I'm still waiting for Microsoft to get it right with Windows 3.1/95/98/Me/NT/2000//XP/Vista.
Everybody complains about Apple dominating with the iPod & iTS juggernaut, and they are right, it's not good if one company dominates an entire segment of the market. Fair competition is good.
However, they are quite happy for Microsoft to come along with a competing product and dominate the same market, with I might add, far more draconian DRM than Apple.
If Microsoft is successful, and Windows DRM dominates everything, it will change the face of media forever - for the worse.
The author states that the iPod dominates - for now, and the Zune will change this.
Well the reverse is also true - if the Zune wins, then it's only temporary - the iPod (or another, better product) will come along to topple it.
Or will it? In Apple's case, they do not have a OS monopoly to leverage, so the iPod wins fairly, because it's a good product, with fair DRM. There is nothing, NOTHING, to stop another company to come along and better the iPod.
In Microsoft's case, they do have an OS monopoly to leverage. They can release an inferior product (with inferior DRM), and push it onto a market that they control, and nobody can stop them - that is something we should all be worried about. - netburnr, on 10/12/2007, -0/+3Explain to me how MS loosing money on every device is going to bring them ahead of the game?
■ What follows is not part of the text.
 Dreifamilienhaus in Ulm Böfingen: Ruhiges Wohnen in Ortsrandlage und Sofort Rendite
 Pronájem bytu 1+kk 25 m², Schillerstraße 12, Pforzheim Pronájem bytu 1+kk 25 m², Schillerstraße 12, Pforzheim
Apple makes profit on the iPod and hardly makes even on iTunes. MS looses money on their players, and I'm gonna go on a limb...isn't going to make much money using thier subscription system.
My opinion...MS is going to really loose out in this attempt to take over the legal music biz. - Odiwan, on 10/12/2007, -0/+1To sum up the true meaning of this article, I quote this best phrase of the article: "The Zune isn't just a solitary music player. Think of it as a portable, wireless, hardware version of MySpace."
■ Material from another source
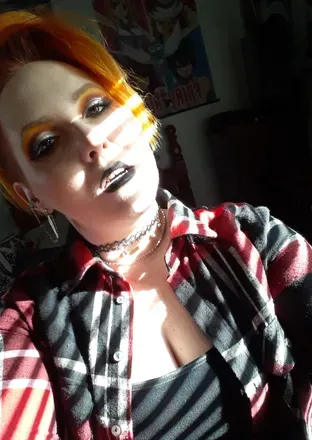 OnlyFans cuenta crazygingergirl19 avatar 1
- moviefreakusa, on 10/12/2007, -1/+2The article doesn't say Zune will help Microsoft, only that it will hurt Apple.
- lesskiller, on 10/12/2007, -1/+2"At least in the initial release, Zune's Wi-Fi won't connect to a network. It's peer-to-peer only."
Didn't they say that about the PSP before it came out? Hackers start your engines... - inactive, on 10/12/2007, -1/+2So many bogus assumptions. And many of them are just as wrong as the stupid assumptions made about the iPod's success.
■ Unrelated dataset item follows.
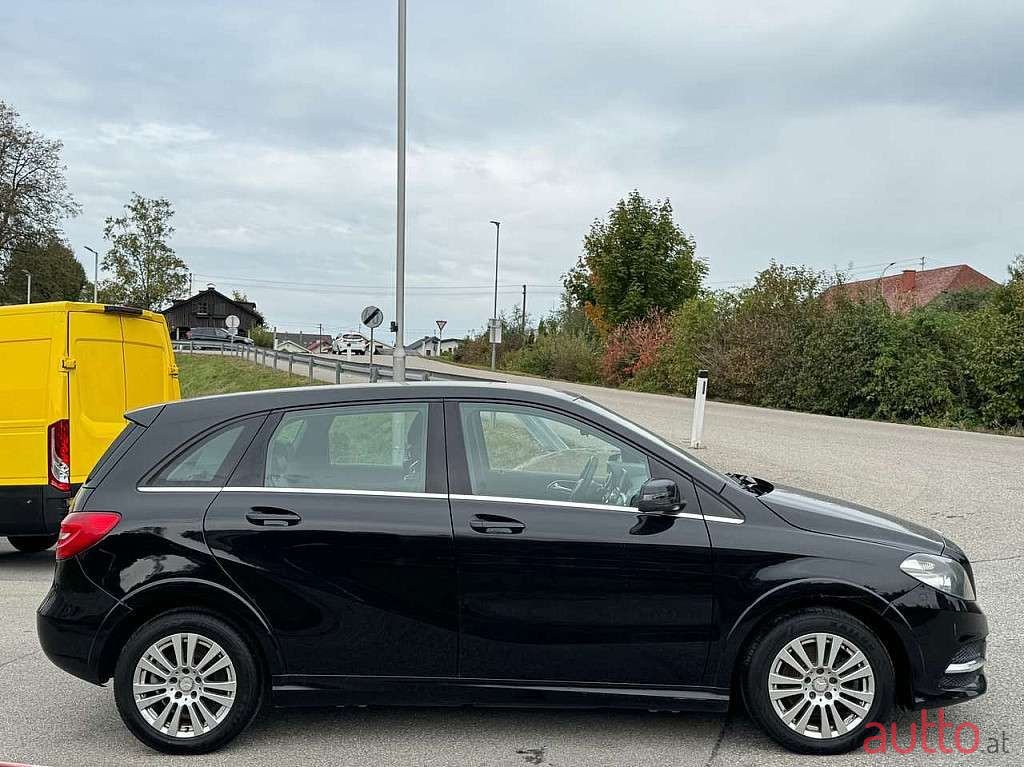 2015' Mercedes-Benz B-Klasse photo #6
First of all, the one about the significance of the OS. Who gives a *****? iTunes runs on Windows, and it's free. No one cares about OSs anymore, period. If people can surf the Web and listen to music, they're happy. That's why Microsoft is stagnant and Apple hasn't been able to translate that stagnation into massive market-share gains. And it's what Google has based its entire ascendancy on.
Second, this "seamless sharing" blather. WTF? By all indications, "sharing" is going to be crippled with a bunch of ***** DRM hassles.
And the "integrated music store" rhetoric is so overblown, in the case of both the iPod and anything else. Why the hell should I need special software to go buy a song off the Web? If you want to integrate song-purchasing with a music-player app then fine, but you should damn well be able to simply launch your browser, go to the music-store Web site, and buy a song right there, downloaded to your desktop. And drag-&-drop it onto your device when you feel like it.
Plus, people with 5000 songs on their iPods DID NOT BUY THEM from iTunes. Duh. Seriously, does anyone you know have more than a few iTunes purchases on his iPod? And if so, why didn't you stop him?
The failure of the competition came in the form of gross incompetence, mostly by Creative. The iPod is not "great design"; it's merely the obvious design (with the possible exception of the click-wheel). And iTunes is crap, with basic functionality inferior to that of freeware alternatives. But it's a big lead, at this point. A $250 device is not going to do it as competition, folks. They need to be taking the loss and shipping this thing out at $100.